If users never see the primary key, these issues don’t arise – but if they do, you may wish to consider keys based on something other than a numeric sequence: a non-sequential surrogate.

Everything you need to know about non-sequential surrogates

For auto-generated keys, the most common non-sequential type is the Universal Unique Identifier (UUID). Sometimes called a Globally Unique Identifier (GUID), it’s 128 bits wide – 32 hexadecimal characters separated by four hyphens. There are several different variants (eight, to be precise) but they all share one common trait: they’re wide enough so that collisions (duplicate keys) are nearly impossible, even when randomly creating quadrillions of random values. Some UUIDs are time-based so, as long as you don’t create more than one every 100 nanoseconds or so, a duplicate key is actually impossible.

Because UUID collisions are so unlikely, you don’t need a central database to assign key values: they can be created at the application level, even by remote computers or mobile devices when they lack a database connection. This ability to work in a disconnected, decentralized manner is the primary benefit of UUIDs.

This feature is very useful but comes with a significant drawback: performance. 128-bit keys are much larger than a typical four-byte or eight-byte numeric key – they take more storage and more time to sort and compare. Indexes on UUIDs take up more space in memory, which means less of the index can be loaded at one time. And using a non-sequential primary key means many more page splits during index updates. For insert-heavy tables like time-series data, this further erodes performance.

Note: there are multiple UUID variants. If you decide to use UUIDs in your application, investigate which one best fits your needs. The Version 1 form pictured above exposes your server’s MAC address, which may be a problem for some applications.

What are some alternatives to UUID?

There are several successors to UUIDs, such as the Universally Unique Lexicographically Sortable Identifier (ULID), designed to improve performance or address security concerns. If you just want to hide the sequential nature of key values from prying eyes, however, the best way to do this is to generate the values sequentially as normal, but encode or obfuscate them in some manner.

There exists libraries specifically for this, such as Sqids, but replacing a key value with its MMI (modular multiplicative inverse) is fast, secure, and can be calculated in a single line of code.

Sometimes obfuscation is done at the application level, encoding and decoding the value each time it’s accessed, but if you store the obfuscated value directly in the database, there’s no need to ever recover the original value.

If you just wish to make the sequential character of the key less glaringly apparent, you can set the sequence to increment by a value other than one. For instance, in SQL Server, this statement defines an auto-generated primary key that starts at value 100 and increments by 3 each time:

This obviously isn’t very secure, and it also consumes three times as many key values per row so, if you use this trick, remember to size your key appropriately.
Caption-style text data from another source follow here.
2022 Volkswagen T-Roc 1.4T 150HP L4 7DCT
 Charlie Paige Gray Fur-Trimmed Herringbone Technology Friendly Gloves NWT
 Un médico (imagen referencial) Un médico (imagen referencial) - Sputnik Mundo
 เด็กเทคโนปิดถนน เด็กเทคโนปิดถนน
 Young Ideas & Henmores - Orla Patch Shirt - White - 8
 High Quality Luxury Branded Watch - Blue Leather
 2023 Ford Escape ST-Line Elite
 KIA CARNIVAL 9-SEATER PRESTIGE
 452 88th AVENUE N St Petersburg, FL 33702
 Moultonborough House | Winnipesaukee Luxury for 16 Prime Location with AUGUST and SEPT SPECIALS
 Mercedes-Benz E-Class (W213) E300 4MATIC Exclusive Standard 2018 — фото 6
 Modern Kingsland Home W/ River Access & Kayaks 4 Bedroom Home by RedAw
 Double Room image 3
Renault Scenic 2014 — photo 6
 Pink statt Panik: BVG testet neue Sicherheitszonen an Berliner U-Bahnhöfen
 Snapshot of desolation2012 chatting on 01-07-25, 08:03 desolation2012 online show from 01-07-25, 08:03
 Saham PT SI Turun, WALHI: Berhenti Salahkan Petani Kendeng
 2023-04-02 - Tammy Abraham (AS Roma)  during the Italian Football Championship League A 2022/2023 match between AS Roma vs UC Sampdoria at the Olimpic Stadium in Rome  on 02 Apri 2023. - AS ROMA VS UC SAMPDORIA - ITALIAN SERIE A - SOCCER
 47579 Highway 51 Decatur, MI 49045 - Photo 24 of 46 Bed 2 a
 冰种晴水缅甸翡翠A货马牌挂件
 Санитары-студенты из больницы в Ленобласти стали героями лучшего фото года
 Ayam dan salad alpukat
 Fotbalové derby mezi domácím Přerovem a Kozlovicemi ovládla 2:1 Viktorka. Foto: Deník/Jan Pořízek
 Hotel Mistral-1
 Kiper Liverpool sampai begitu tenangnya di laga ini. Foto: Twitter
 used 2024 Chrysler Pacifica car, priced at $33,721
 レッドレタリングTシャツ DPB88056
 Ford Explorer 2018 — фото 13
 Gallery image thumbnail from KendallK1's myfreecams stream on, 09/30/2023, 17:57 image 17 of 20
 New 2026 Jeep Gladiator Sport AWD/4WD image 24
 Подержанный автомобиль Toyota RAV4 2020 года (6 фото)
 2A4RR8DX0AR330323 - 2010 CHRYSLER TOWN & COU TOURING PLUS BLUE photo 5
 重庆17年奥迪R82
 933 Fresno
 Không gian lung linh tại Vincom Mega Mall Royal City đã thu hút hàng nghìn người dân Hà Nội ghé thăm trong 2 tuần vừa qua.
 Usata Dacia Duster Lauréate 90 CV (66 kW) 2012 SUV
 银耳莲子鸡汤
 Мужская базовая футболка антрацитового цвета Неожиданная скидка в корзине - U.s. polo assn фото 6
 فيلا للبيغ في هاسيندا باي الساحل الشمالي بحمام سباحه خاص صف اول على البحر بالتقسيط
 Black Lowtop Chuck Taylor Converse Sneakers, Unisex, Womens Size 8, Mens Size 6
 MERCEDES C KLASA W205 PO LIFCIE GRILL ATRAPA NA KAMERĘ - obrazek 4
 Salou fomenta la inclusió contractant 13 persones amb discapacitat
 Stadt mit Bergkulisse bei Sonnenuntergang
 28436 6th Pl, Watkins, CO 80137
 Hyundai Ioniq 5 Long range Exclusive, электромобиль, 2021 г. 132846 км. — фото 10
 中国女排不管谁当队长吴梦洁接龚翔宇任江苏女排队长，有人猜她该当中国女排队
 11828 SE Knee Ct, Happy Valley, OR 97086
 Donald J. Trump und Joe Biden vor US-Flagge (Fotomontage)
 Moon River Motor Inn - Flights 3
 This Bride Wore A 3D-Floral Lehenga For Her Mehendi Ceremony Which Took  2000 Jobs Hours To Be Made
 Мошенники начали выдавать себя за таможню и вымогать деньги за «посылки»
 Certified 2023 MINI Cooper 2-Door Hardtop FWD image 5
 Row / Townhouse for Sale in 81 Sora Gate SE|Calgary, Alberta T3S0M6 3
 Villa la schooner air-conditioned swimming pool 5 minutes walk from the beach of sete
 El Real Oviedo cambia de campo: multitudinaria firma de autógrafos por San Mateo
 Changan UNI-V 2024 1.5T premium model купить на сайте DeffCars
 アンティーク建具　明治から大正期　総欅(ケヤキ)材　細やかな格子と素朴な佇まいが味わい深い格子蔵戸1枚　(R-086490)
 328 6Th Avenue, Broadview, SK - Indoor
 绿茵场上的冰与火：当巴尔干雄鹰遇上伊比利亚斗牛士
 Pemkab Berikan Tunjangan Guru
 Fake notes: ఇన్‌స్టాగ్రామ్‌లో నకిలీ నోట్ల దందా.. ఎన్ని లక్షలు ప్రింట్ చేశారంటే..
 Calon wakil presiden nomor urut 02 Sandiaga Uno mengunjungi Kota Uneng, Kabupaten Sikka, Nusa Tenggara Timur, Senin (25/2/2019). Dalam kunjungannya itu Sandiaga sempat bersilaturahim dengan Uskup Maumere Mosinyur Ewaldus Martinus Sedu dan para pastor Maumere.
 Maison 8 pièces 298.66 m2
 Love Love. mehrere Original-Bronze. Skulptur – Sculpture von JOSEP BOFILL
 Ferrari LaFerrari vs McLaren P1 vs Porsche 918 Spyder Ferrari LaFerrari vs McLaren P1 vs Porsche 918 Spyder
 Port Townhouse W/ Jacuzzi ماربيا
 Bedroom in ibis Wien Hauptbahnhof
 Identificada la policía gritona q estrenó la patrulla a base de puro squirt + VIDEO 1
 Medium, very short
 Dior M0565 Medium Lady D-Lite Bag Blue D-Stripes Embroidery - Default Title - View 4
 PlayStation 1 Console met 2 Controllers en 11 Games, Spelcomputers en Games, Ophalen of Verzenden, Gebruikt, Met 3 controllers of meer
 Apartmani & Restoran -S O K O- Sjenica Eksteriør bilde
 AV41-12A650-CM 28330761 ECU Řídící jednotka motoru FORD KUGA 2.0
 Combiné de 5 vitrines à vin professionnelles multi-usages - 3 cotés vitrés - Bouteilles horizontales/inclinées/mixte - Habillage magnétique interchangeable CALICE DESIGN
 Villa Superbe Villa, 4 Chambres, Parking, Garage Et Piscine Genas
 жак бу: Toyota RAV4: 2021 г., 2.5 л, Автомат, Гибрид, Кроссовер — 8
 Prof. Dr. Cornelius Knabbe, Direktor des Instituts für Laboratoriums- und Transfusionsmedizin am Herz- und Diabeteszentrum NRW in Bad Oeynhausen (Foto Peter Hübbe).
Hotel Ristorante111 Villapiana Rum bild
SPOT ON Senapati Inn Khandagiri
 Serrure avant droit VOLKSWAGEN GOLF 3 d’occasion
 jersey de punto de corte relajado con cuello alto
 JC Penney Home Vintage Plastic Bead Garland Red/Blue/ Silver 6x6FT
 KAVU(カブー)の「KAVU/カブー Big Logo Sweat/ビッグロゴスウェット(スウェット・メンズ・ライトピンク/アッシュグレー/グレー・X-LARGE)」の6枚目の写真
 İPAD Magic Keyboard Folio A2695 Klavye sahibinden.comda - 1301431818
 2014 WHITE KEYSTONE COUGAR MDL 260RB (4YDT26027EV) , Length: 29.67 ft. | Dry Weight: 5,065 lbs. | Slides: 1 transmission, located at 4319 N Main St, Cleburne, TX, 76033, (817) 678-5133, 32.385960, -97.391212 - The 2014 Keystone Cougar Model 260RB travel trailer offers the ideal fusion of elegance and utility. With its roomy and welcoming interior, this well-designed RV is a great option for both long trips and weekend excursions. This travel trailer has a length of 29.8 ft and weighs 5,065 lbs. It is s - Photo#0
Why you should keep your database keys to yourself

The value of a surrogate key relies upon it being isolated from the outside world. Every time you expose a key to users, you erode that isolation ever so slightly. This is an entirely separate problem from the security issues of sequential keys.

The more users see a key value, the more you risk the value gaining meaning to them, and then you no longer have complete control over it. This isn’t simply hypothetical: in one case I experienced, a major telecom company implemented a new system with fresh surrogate keys for its network elements, but the keys were included on pipelines to other systems.

They appeared in reports, URLs, dashboards….and users began to refer to elements by key value and, eventually, demanded (and received) the ability to search on the key as any other value. The surrogate had become a natural key – owned by users, not the database developers.

What are smart database keys – and why are they the ‘worst of both worlds’?

A smart key is a sort of hybrid between a surrogate and natural key. The thought process that leads to a smart key generally runs something like this: you have several columns in a table that when combined almost – but not quite – uniquely identifies each row. You decide to add a short sequential or random value to this, creating an almost-surrogate that still preserves the business meaning.

Anyone who’s ever designed such a key (including myself) is usually captivated by their surface elegance but, like a used car purchased from a shady dealer, problems usually begin to soon arise.

A smart key has all the drawbacks of both surrogate and natural keys, and no real advantage over either. Sometimes these keys are demanded by business requirements, and sometimes we receive them from other sources, in which case they’re technically a natural key (we have no control over them). If you’re thinking about creating your own, it’s generally best to avoid them.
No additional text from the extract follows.